Hi Åke,
On 12/3/21 08:27, Åke Sandgren wrote:
On 02-12-2021 14:18, Åke Sandgren wrote:
On 12/2/21 2:06 PM, Ole Holm Nielsen wrote:
These are updated observations of running OpenMPI codes with an
Omni-Path network fabric on AlmaLinux 8.5::
Using the foss-2021b toolchain and OpenMPI/4.1.1-GCC-11.2.0 my trivial
MPI test code works correctly:
$ ml OpenMPI
$ ml
Currently Loaded Modules:
1) GCCcore/11.2.0 9) hwloc/2.5.0-GCCcore-11.2.0
2) zlib/1.2.11-GCCcore-11.2.0 10) OpenSSL/1.1
3) binutils/2.37-GCCcore-11.2.0 11)
libevent/2.1.12-GCCcore-11.2.0
4) GCC/11.2.0 12) UCX/1.11.2-GCCcore-11.2.0
5) numactl/2.0.14-GCCcore-11.2.0 13)
libfabric/1.13.2-GCCcore-11.2.0
6) XZ/5.2.5-GCCcore-11.2.0 14) PMIx/4.1.0-GCCcore-11.2.0
7) libxml2/2.9.10-GCCcore-11.2.0 15) OpenMPI/4.1.1-GCC-11.2.0
8) libpciaccess/0.16-GCCcore-11.2.0
$ mpicc mpi_test.c
$ mpirun -n 2 a.out
(null): There are 2 processes
(null): Rank 1: d008
(null): Rank 0: d008
I also tried the OpenMPI/4.1.0-GCC-10.2.0 module, but this still gives
the error messages:
$ ml OpenMPI/4.1.0-GCC-10.2.0
$ ml
Currently Loaded Modules:
1) GCCcore/10.2.0 3) binutils/2.35-GCCcore-10.2.0 5)

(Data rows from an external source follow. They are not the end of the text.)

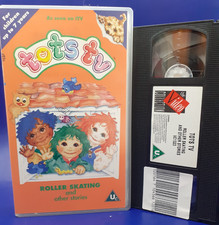 Tots TV - Roller Skating and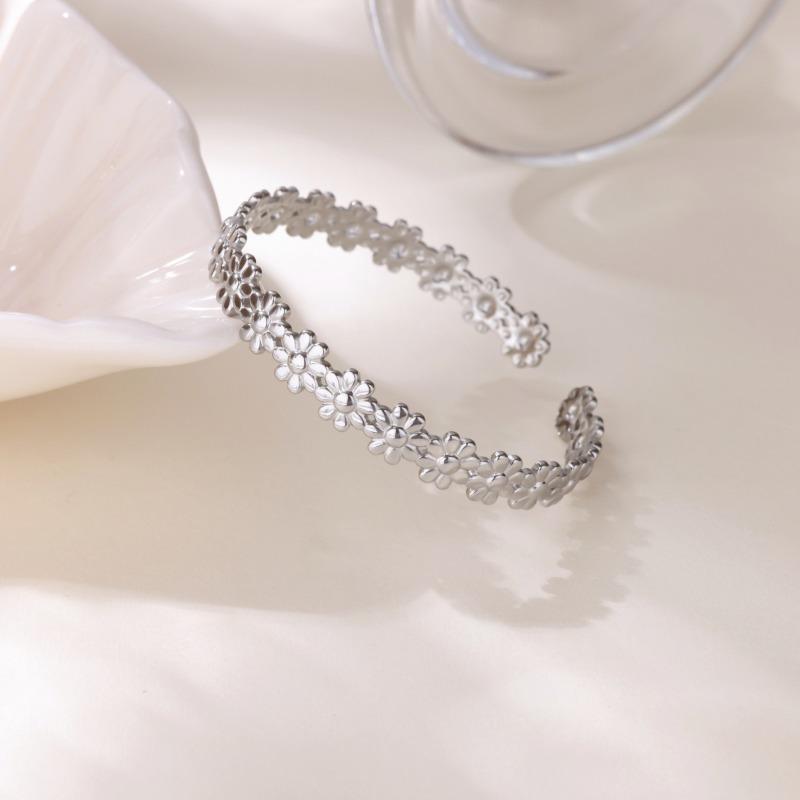 Fashion Daisy Flower Stainless Steel Bracelet Women's Open Bracelet K Gold Plated Jewelry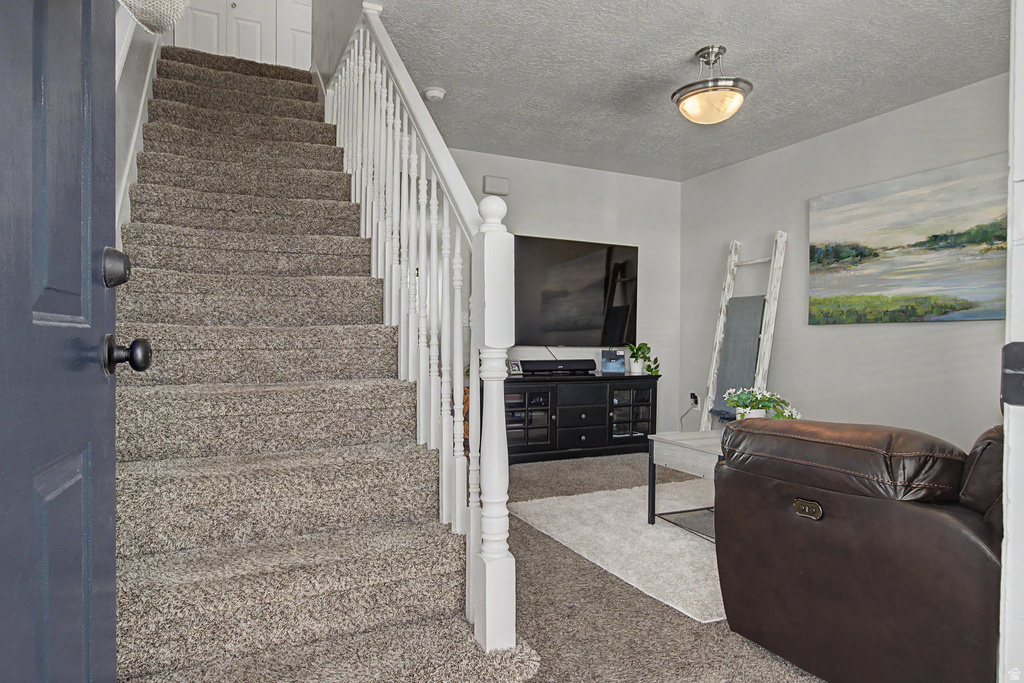 422 E 2050 N photo 4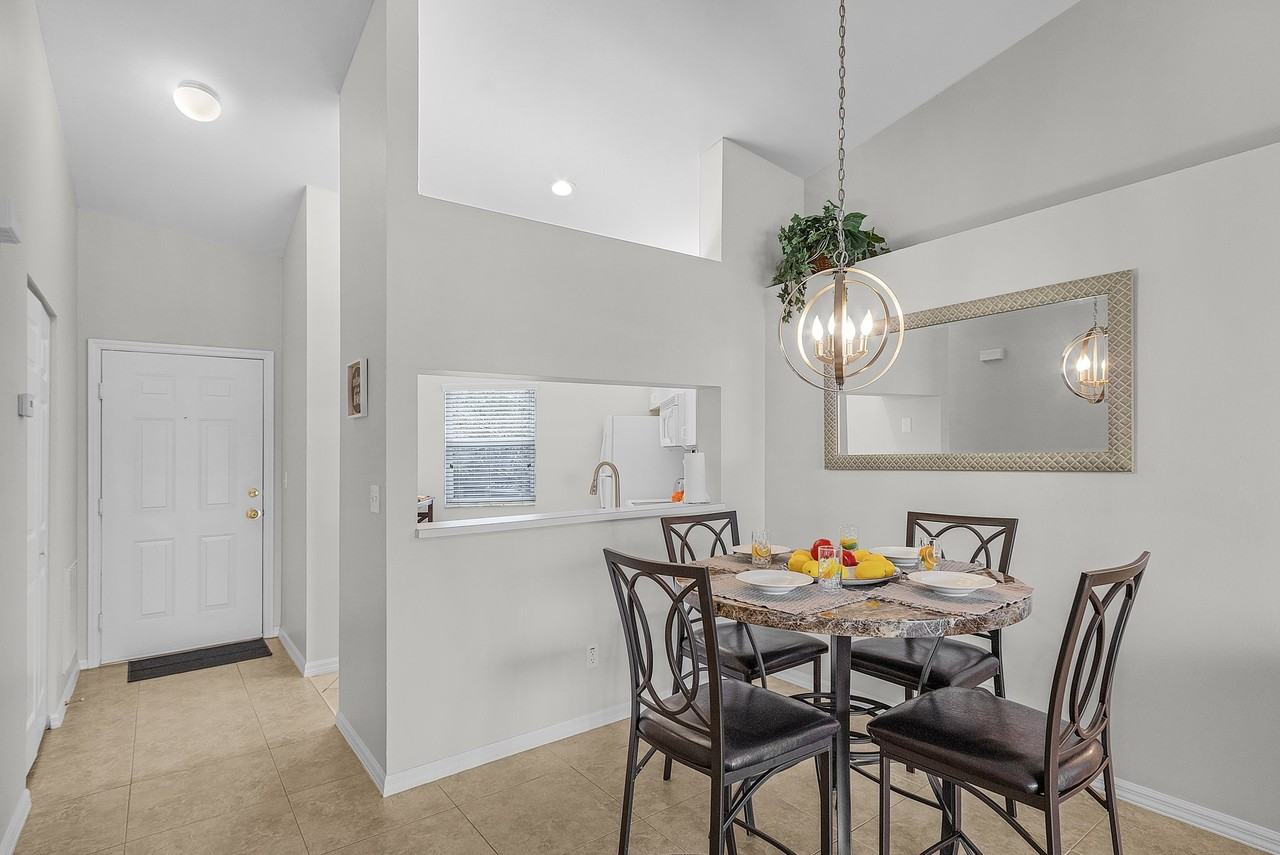 12131 Summergate Cir #203 - Photo 4 of 31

numactl/2.0.13-GCCcore-10.2.0 7) libxml2/2.9.10-GCCcore-10.2.0 9)
hwloc/2.2.0-GCCcore-10.2.0 11) UCX/1.9.0-GCCcore-10.2.0 13)
PMIx/3.1.5-GCCcore-10.2.0
2) zlib/1.2.11-GCCcore-10.2.0 4) GCC/10.2.0 6)
XZ/5.2.5-GCCcore-10.2.0 8) libpciaccess/0.16-GCCcore-10.2.0 10)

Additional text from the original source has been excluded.